Sarıyer sahilde denize düşen karları ve rüzgara kafa tutan martıları izlerken saat altıyı geçmekteydi.. Geçen altı yılın, altıyı geçmekte olan saatten daha az olduğunu hissettim o an. Buluşalı, kaygan yollarda hız yapıp köprüye varalı, pastaneden taze çıkmış açmaları alalı bir saat olmamışken, bütün haftasonumu onunla yollarda geçirmiş gibi hissetmemin nedeni neydi peki?

Konuşmalar arasında dalgaların kar ve fırtınayla olan dansını izleyerek, 48 saattir uykusuz olmama rağmen can kulağıyla dinleyerek ve iç çekişlerime mani olamayarak, geçmişle şimdiki zaman arasında gidip gelerek havanın değil tuhaf duyguların üşüttüğünü farkettim.. Ben ürperdikçe ve derin derin nefes aldıkça sokuluyordu. Hoşnut değildim. Sanki iki gün önce görüşmüşüz gibi rahat davranmanın sınır tanımamanın verdiği huzursuzluk sinir bozucuydu.
Eski bir dosttuk nihayetinde.. O öyle diyordu. Dostlar birbirine öyle sarılır mı?

Saatler sonra eve döndüğümde uykuya yenik düşmek üzereydim.

Aklımdaydın işte yeniden. Birine ihtiyacım vardı uzun zamandır, anlamadığın buydu. Sen ise unutamadıklarının, boş vakitlerinin yerini dolduracak boşluk noktalarını düşünüyordun sadece. O kadar samimiyetsizdin çünkü.

"Beni özlemedin mi?" diye sorduğunda, cevap veremedim.
Hayatımdan çıkıp gittiğinde karşıma çıkan ilk kişiyi sana benzediği için sevmiştim. Benzerinle de yürütemedim. Sonrasında başkası oldu ve senin yüzünden ayrıldık, ayrılırken ağladık... çünkü onu senin kadar sevebileceğim günü hayatının sonuna kadar bekleyeceğini söylerdi. En sonunda sen yokken beni herşeyin üstünde seven biri vardı hayatımda. Beni kimse onun gibi sevmemişti. Senin içindeydi belki sevgin, bilmemi istemiyordun. Ama beni tüm yaşamıyla seven bana olan aşkının Kanun gibi değiştirilemez bir olgu olduğuna inandıran o insandan bile vazgeçebilmemin nedeniydin Sen. Özlemedim seni, çünkü seninle yaşıyordum. Paragrafa baksana her cümle 'Sen'.

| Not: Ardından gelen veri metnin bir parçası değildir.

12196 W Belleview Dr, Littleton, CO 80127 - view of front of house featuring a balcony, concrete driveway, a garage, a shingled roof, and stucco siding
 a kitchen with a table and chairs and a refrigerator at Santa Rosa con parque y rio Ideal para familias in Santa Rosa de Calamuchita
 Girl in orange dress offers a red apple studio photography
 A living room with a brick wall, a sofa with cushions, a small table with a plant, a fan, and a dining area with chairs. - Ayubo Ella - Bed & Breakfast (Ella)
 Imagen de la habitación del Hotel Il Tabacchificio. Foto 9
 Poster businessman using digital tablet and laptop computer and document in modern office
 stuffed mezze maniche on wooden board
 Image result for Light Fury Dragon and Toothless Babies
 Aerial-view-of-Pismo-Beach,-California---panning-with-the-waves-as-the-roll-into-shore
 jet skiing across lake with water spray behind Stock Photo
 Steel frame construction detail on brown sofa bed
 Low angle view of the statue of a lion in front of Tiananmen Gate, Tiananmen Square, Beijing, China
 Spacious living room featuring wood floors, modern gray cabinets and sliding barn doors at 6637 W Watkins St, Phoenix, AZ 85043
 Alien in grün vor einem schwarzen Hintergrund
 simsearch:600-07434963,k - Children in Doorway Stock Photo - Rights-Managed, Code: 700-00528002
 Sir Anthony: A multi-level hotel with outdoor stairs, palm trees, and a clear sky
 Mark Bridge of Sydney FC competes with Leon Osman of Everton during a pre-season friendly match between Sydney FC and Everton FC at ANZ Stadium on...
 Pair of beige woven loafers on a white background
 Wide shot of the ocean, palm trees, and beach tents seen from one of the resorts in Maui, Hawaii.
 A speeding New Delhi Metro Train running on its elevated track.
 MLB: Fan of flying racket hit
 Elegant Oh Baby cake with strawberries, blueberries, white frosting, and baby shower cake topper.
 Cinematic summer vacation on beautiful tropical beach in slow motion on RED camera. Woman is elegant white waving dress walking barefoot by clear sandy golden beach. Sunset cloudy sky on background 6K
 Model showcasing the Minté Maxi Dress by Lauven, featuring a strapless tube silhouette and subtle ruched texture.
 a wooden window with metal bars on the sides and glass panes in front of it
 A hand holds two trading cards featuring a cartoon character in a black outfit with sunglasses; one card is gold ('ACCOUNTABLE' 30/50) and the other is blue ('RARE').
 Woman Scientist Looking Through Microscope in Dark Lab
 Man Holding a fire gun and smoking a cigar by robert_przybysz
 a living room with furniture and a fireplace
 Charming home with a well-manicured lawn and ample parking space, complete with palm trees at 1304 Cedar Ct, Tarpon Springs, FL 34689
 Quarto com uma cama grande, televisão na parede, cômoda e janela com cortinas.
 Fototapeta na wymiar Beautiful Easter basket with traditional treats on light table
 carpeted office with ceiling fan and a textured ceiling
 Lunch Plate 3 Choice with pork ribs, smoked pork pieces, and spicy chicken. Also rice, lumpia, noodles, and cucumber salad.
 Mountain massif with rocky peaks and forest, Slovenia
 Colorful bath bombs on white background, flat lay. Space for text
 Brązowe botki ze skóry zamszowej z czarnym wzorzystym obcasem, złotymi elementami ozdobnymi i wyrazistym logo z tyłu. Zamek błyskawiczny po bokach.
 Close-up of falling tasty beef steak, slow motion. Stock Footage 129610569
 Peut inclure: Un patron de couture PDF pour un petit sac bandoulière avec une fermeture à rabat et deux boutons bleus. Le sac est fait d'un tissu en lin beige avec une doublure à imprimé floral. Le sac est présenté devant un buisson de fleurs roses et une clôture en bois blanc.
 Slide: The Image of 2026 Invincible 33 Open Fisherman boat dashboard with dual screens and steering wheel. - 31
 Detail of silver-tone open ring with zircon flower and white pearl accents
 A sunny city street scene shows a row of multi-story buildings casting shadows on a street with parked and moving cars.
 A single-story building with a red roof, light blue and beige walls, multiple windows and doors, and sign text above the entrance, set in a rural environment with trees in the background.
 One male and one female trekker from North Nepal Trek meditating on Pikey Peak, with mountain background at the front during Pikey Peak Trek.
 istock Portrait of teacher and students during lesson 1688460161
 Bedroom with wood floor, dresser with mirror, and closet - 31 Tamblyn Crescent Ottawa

Geçinmek için ne yaptığın beni ilgilendirmiyor. Neyi özlediğini, kalbinin arzuladığı şeye kavuşmanın hayalini kurmaya cesaret edip edemediğini bilmek istiyorum.

Kaç yaşında olduğun beni ilgilendirmiyor. Aşk için, hayallerin için, yaşıyor olma serüveni için, bir ***** gibi görünme riskini göze alıp almayacağını bilmek istiyorum.

Bana anlattığın hikayenin doğru olup olmaması beni ilgilendirmiyor. Kendi kendine dürüst olmak için bir başkasını hayal kırıklığına uğratıp uğratamayacağını; ihanetin suçlamasına dayanıp, kendi ruhuna ihanet edip etmeyeceğini bilmek istiyorum.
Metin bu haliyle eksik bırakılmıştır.